Beetle Cat
Most anyone with an interest in wooden boats is familiar with the roomy, easy-sailing Beetle Cat, beloved in sailing liveries throughout North America. The name comes from the boatbuilding family who designed the boat in 1921 in New Bedford, Massachusetts. Around that time John H. Beetle and his family built what was then known as the “Beetle Whale Boat,” a 20’-30’ open double-ender. The Beetle Cat bears more resemblance to the shallow centerboard cat boats used for fishing along Cape Cod (see Dewey). This form had evolved along the coast in the mid-1800s, and its characteristics are the large shallow rudder, cat rig, and ample cargo room. John designed the 12’ 4” boat for pleasure daysailing and for sailing instruction.
The Beetle family built these boats in New Bedford Mass until WWII, when production was suspended. After the war the business was bought by the famed Concordia Company of South Dartmouth, MA, which produced the boats for many years after. It is arguable that the true refinement of the Beetle Cat took place under Leo Telesmanick at Concordia, where production of the boats was streamlined. In 1968 Dick Wagner purchased two new Beetle Cats from the Concordia Company for the fleet of the Old Boat House, the informal livery operated out of Dick’s home in north Lake Union that would one day become CWB. In making that purchase, Dick struck up a warm correspondence with Waldo Howland, who ran Concordia until the late 1960s and was an important figure in the early days of wooden boat preservation.

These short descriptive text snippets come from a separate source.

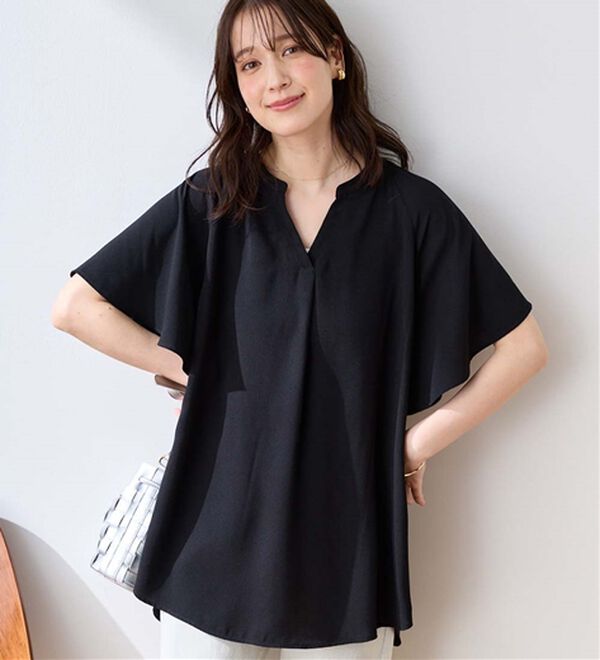 Viola e Viola（ヴィオラ エ ヴィオラ）の「【接触冷感】さらっと涼感フレアスリーブブラウス（ブラウス）」｜ブラック／チュニック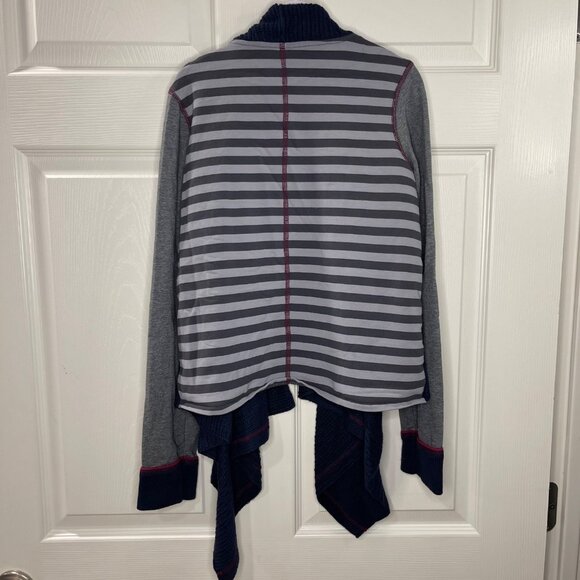 Matilda Jane 435 Sweater Weather Cardigan Girls Size 16 Blue Gray Striped Knit - Picture 5 of 10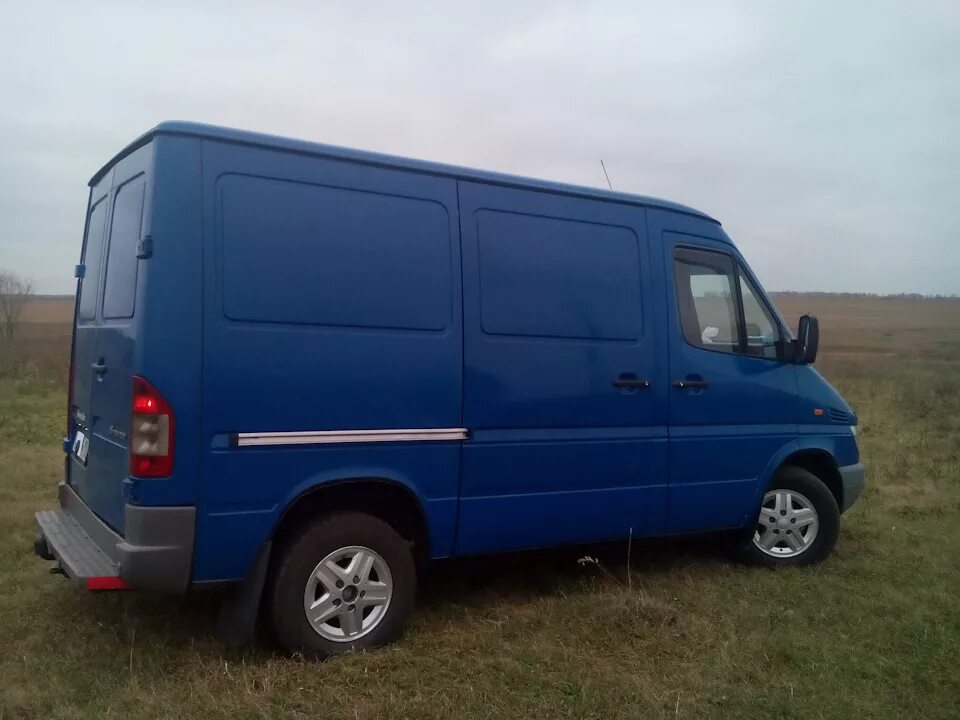 Mercedes-Benz Sprinter 1997. Mercedes Sprinter 1997. Мерседес Спринтер 1997. Mercedes Sprinter 210d 1999 Side.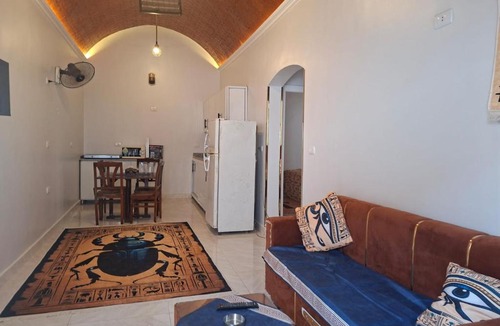 Luxor House | Nefertiti Guest House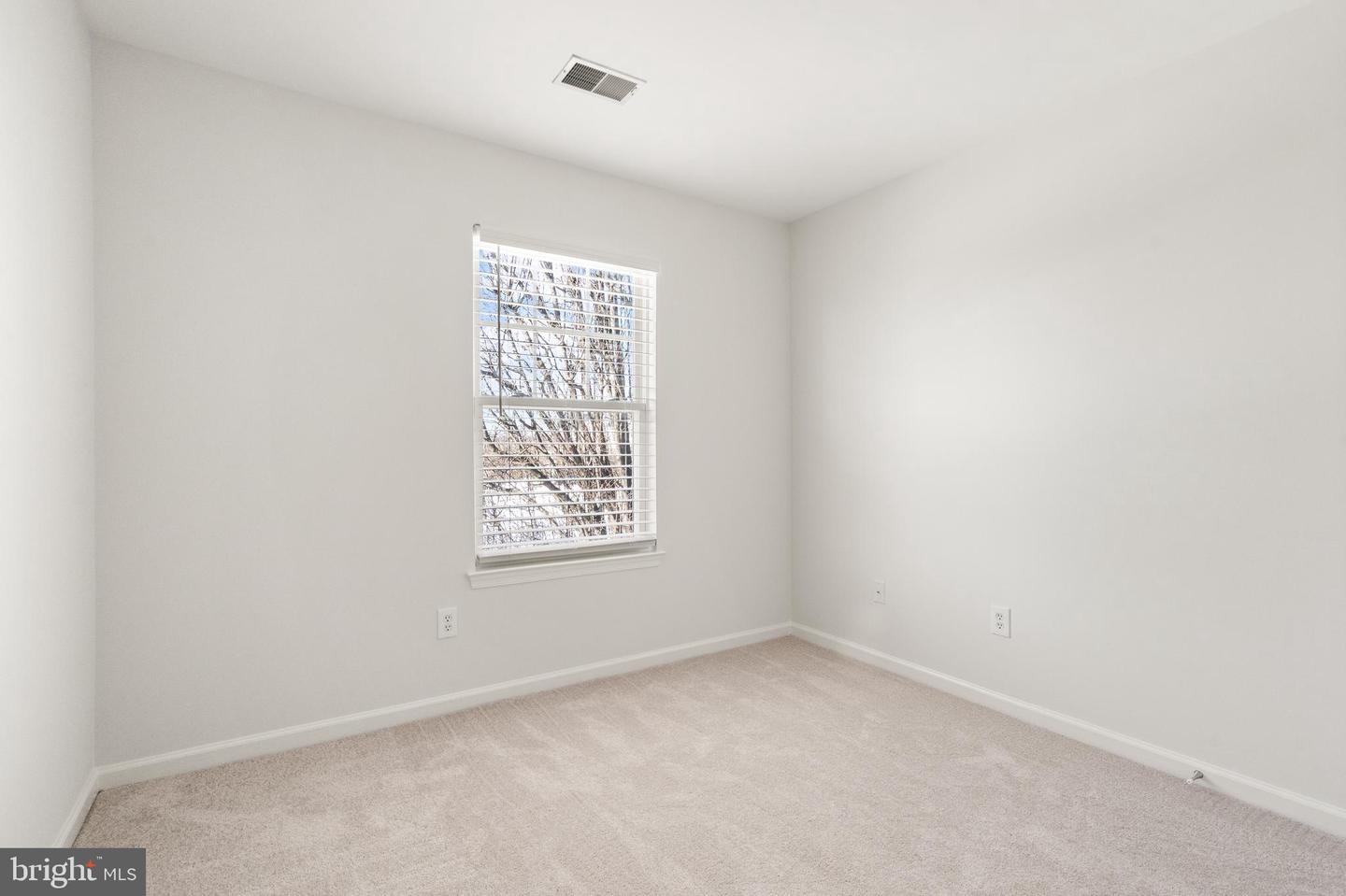 20302 Sprucegrove SQUARE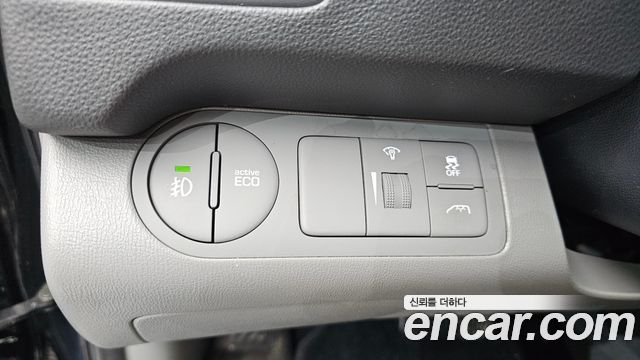 Hyundai Grand Starex Urban 9-Seater Premium 2019 — фото 16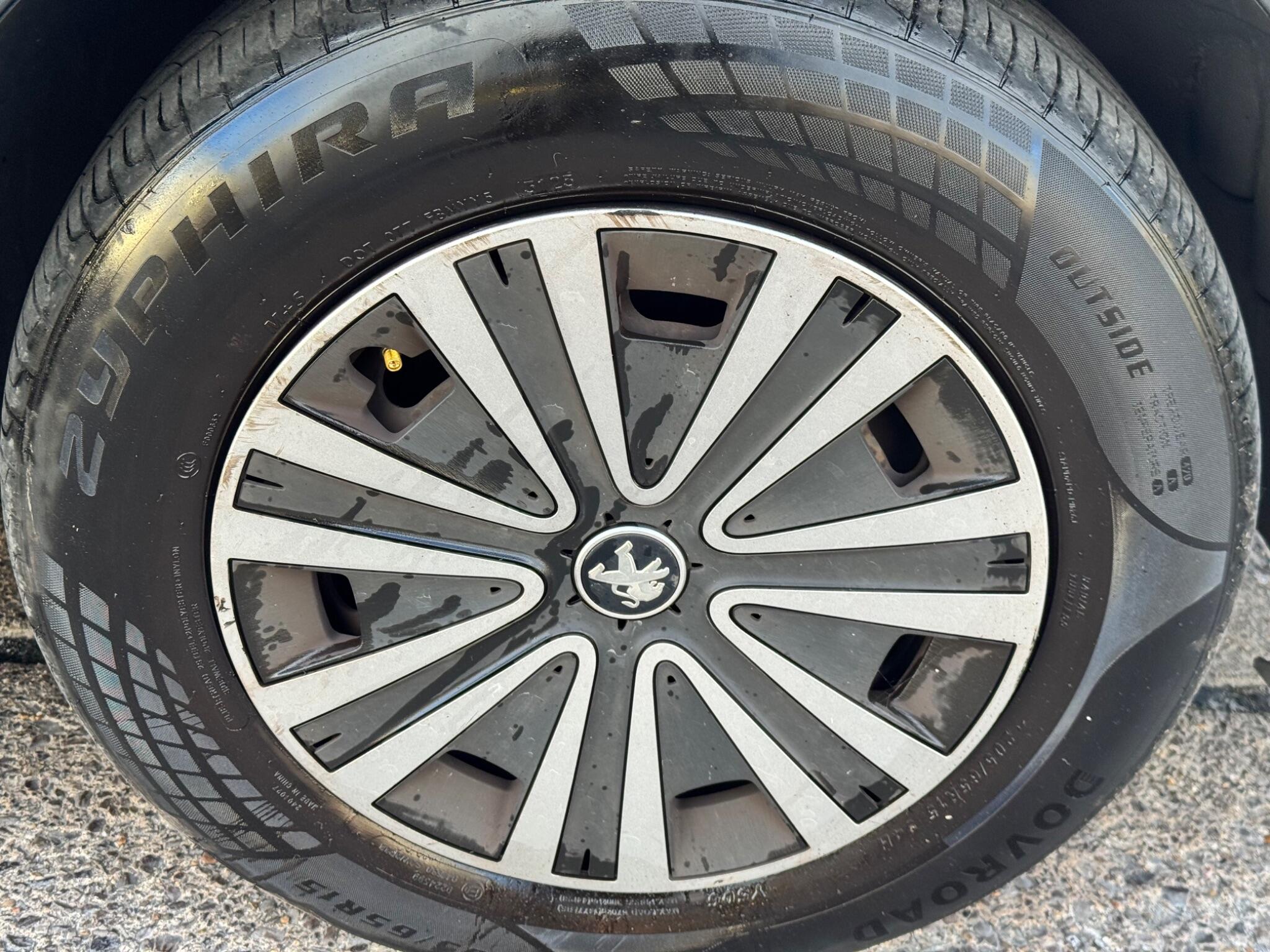 Peugeot Partner Tepee view 37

Both of these boats have been actively used and maintained by CWB ever since. They are uniquely suited to livery use because of their ease of handling. The boats are wide at 6’, making them very stable. The gaff rig set way forward means that the boat will always ‘come up’ and face the wind if the tiller is released, so the boat will stop rather than sailing uncontrolled.
Beetle Cats are still traditionally built, now by the Beetle Cat Company, located in Wareham, MA.